将所有优化方式都掌握之后,接下来向一个表中插入一组数据测试一下:insert into table test4 values(1,'kk',13);(下列命令行中存在local hadoop)。
第一步插入数据,
hive> insert into table test4 values(1,'kk',13);
Automatically selecting local only mode for query
WARNING: Hive-on-MR is deprecated in Hive 2 and may not be available in the future versions. Consider using a different execution engine (i.e. tez, spark) or using Hive 1.X releases.
Query ID = lvqianqian_20181121121532_1b8dee3a-eef0-4172-89c4-b15171a19cc5
Total jobs = 3
Launching Job 1 out of 3
Number of reduce tasks is set to 0 since there's no reduce operator
Job running in-process (local Hadoop)
2018-11-21 13:29:20,133 Stage-1 map = 0%, reduce = 0%
2018-11-21 13:29:52,869 Stage-1 map = 100%, reduce = 0%
Ended Job = job_local1269969100_0001
Stage-4 is selected by condition resolver.
Stage-3 is filtered out by condition resolver.
Stage-5 is filtered out by condition resolver.
Moving data to: hdfs://hadoop0:8020/user/hive/warehouse/myhive.db/test4/. hive-staging_hive_2018-11-21_13-24-49_487_3825075573599201360-1/-ext-10000
Loading data to table myhive.test4
MapReduce Jobs Launched:
Stage-Stage-1: HDFS Read: 79 HDFS Write: 181371729 SUCCESS
Total MapReduce CPU Time Spent: 0 msec
OK
Time taken: 304.094 seconds
第二步设置字节数和最大输入文件个数,
set hive.exec.mode.local.auto.inputbytes.max=50000000;
set hive.exec.mode.local.auto.input.files.max=5;
第三步启用本地模式,
set hive.exec.mode.local.auto=true;//默认为false;
除了这种方法之外,还可以对limit进行优化。

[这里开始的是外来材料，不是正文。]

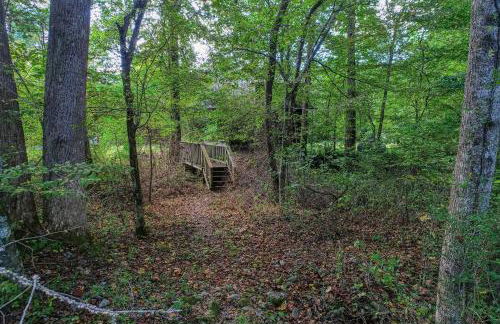 Sweet - 2 Bedrooms, 2 Baths, Sleeps 6 Cabin by RedAwning - Foto 43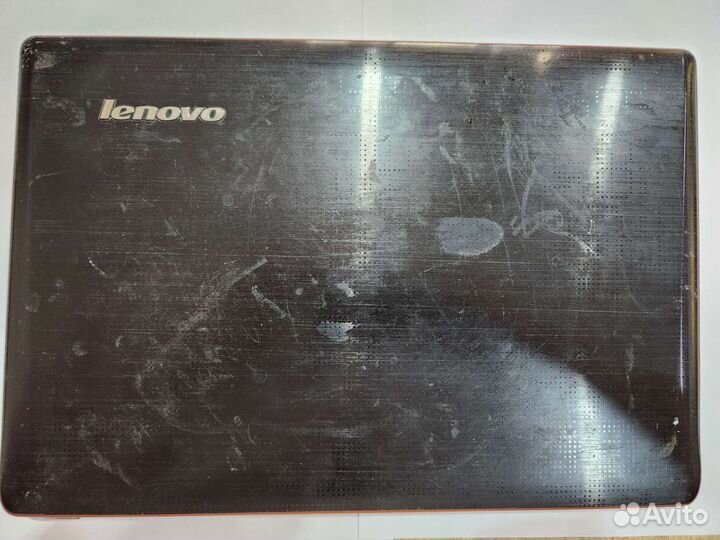 Крышка матрицы Lenovo Y470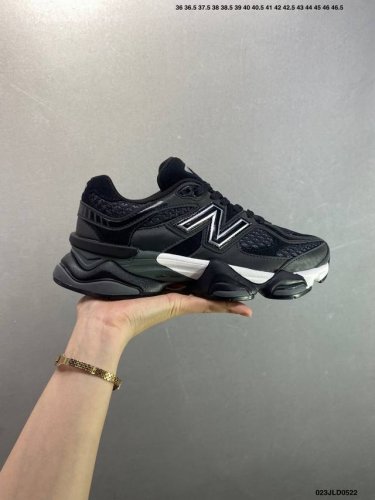 公司级Joe Freshgoods X New Balance Nb9060 联名款 复古休闲运动慢跑鞋 鞋款灵感源自设计师本人对夏日的怀日回忆 鞋面大身由空间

关于limit优化,可以修改以下几个配置:
(1) 是否启用limit优化。当使用limit语句时,对源数据进行抽样。
(2) 在使用limit做数据的子集查询时保证的最小行数据量。
(3) 在使用limit做数据子集查询时,采样的最大文件数。
(4) 使用简单limit数据抽样时,允许的最大行数。
Hive的配置信息如下所示。
<property>
<name>hive.limit.optimize.enable</name>
<value>false</value>
<description>Whether to enable to optimization to trying a smaller subset of data for simple LIMIT first.</description>
</property>
<property>
<name>hive.limit.row.max.size</name>
<value>100000</value>
<description>When trying a smaller subset of data for simple LIMIT, how much size we need to guarantee each row to have at least.</description>
</property>
<property>
<name>hive.limit.optimize.limit.file</name>
<value>10</value>
<description>When trying a smaller subset of data for simple LIMIT, maximum number of files we can sample.</description>
</property>
除了可以修改以上配置来优化Hive之外,还可以修改几个配置:
(1) 是否开启自动使用索引。
(2) 每个分区表可以扫描多少分区。默认值“-1”表示无限制。
关于Hive的优化配置如下所示。
<property>
<name>hive.limit.optimize.fetch.max</name>
<value>50000</value>
<description>
Maximum number of rows allowed for a smaller subset of data for simple LIMIT, if it is a fetch query.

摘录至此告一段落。